Our goal is to be able to implement Iterative Capped Assmebly (ICA) for use in designing custom spider silk genes. The spider silk protein has a highly repetitive primary structure, and its properties can be changed by changing the sequence and identities of these repeats. We want to be able to fully control the primary sequence of our silk gene, and develop a quick, efficient method of customizing assembly of the spider-silk genes.
We successfully constructed biobricks that contain our silk genes and the sticky overhangs. 4/24/2015
We proved that our designed sticky ends work as expected, and exhibit specific binding, showing that ICA can work in spider silk genes. 5/8/2015 and 5/12/2015
We have established a protocol generating fragments to be used in ICA.

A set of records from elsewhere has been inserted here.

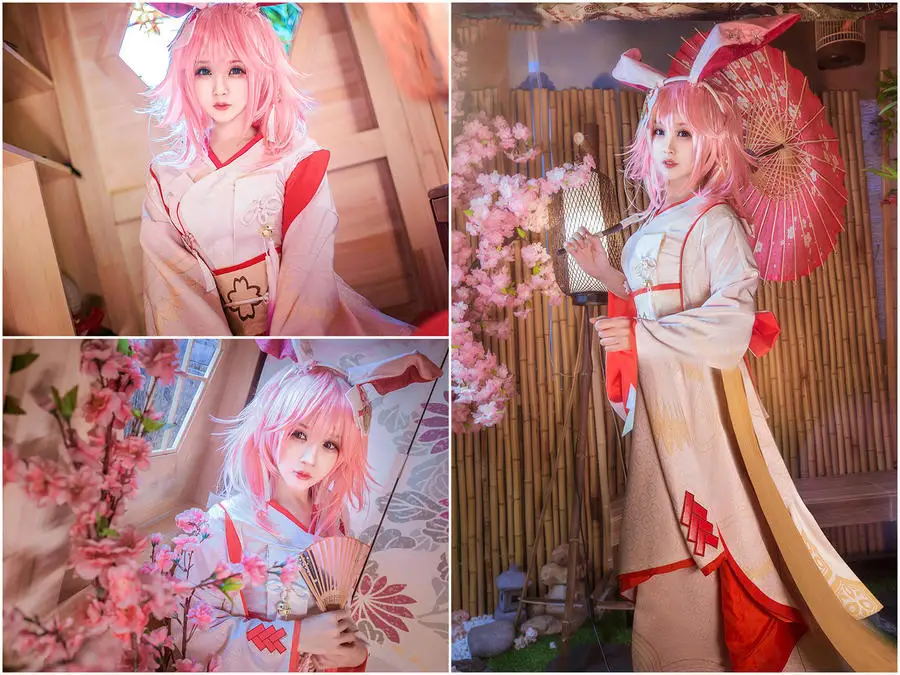 汐兔子 Cosplay少女萝莉写真图集合集下载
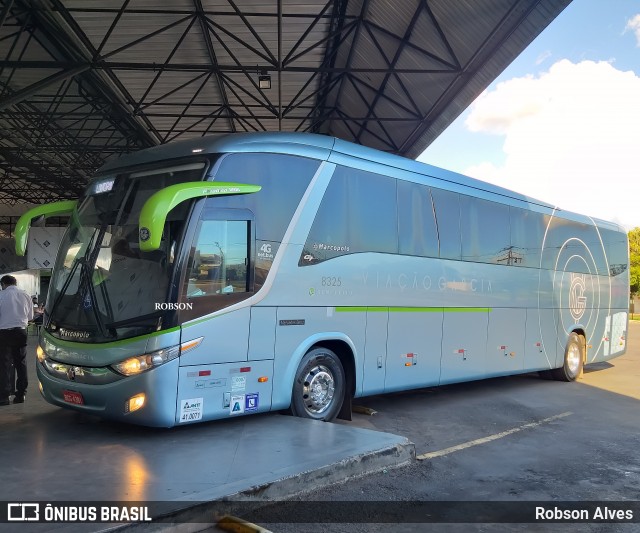 Viação Garcia 8325 na cidade de Paranavaí, Paraná, Brasil, por Robson Alves. ID da foto: 8481231.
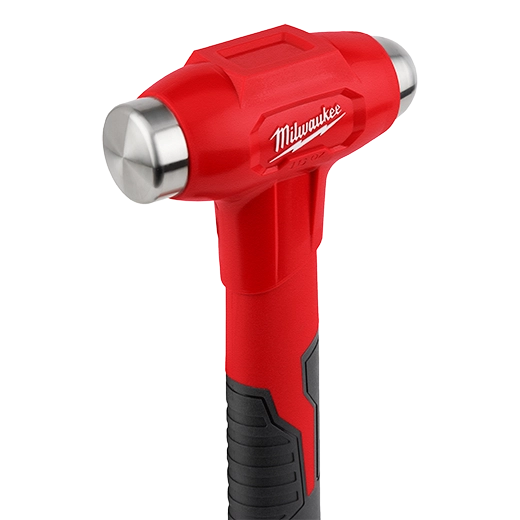 Milwaukee Marteau à tête sphérique à percussion morte 16 oz 48-22-9140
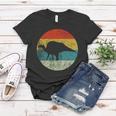 Retro Vintage Ouranosaurus Women T-shirt Unique Gifts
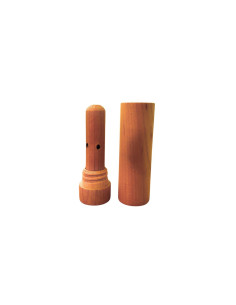 Stick inhalateur en bois...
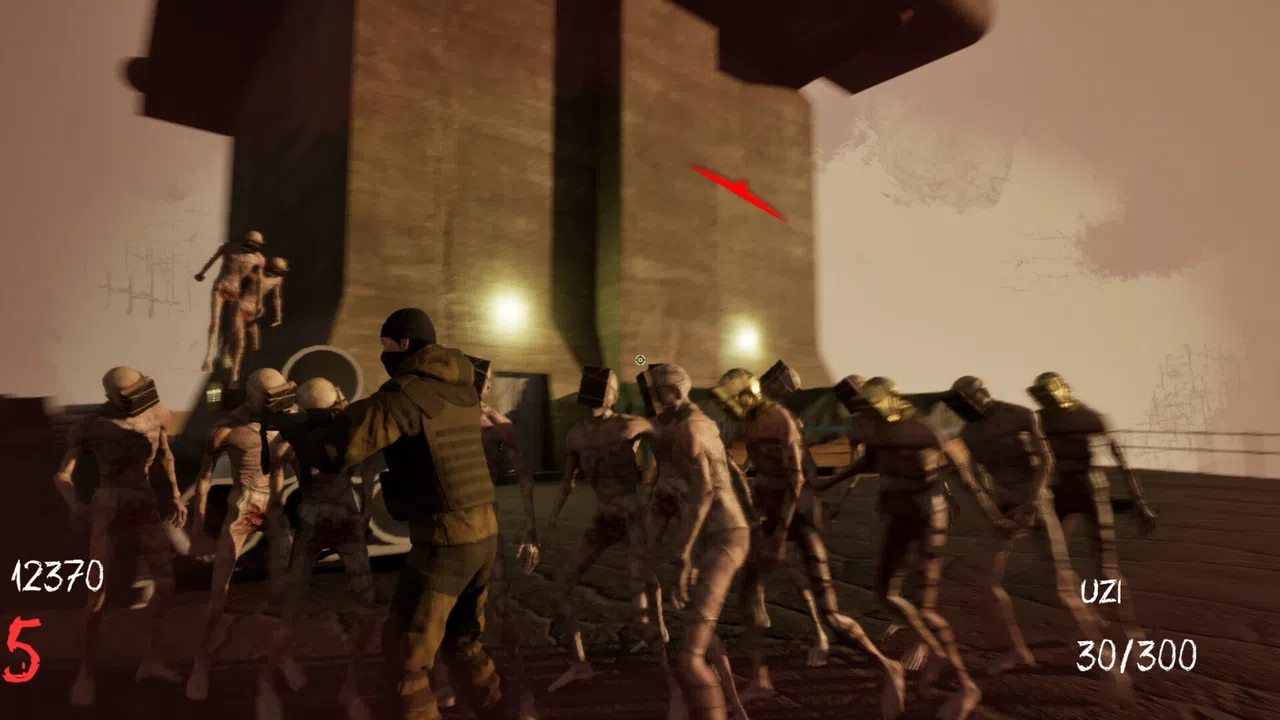 Undead Horizon Screenshot 1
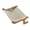 Grey, variant on YIFAEUX Bedside Cat Hammock Adjustable Cat Bed Window Perch with Wood Frame No Drilling Installation Pet Hammock for Window Sill Indoor Cats
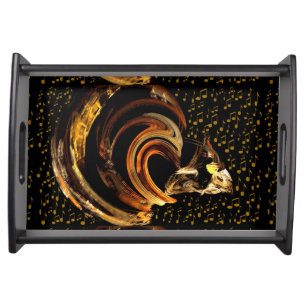 Music to my soul_ serving tray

We successfully characterized the use of ICA oligos with MaSp AB, BC, CA and showed that they could work in ICA! 6/3/2015
We successfully made a 3-mer using the ICA protocol on M-270 Streptavidin Beads! 7/7/2015
We are working on optimizing PCR amplification of MaSp and BsaI digestion so as to get the most amount of working monomers for ICA.--DONE! see here
We need to characterize our MaSp monomers and how they behave when used with the initiators, terminators, and capping oligos that are also used in ICA.--DONE! 6/3/2015
We are going to start actual ICA soon.--STARTED! see 6/19/2015
We are optimizing ICA to get it to work just right!
Our final goal is to make a several different 15-mers that have different rations of MaSp1 and MaSp2 that we can express and characterize.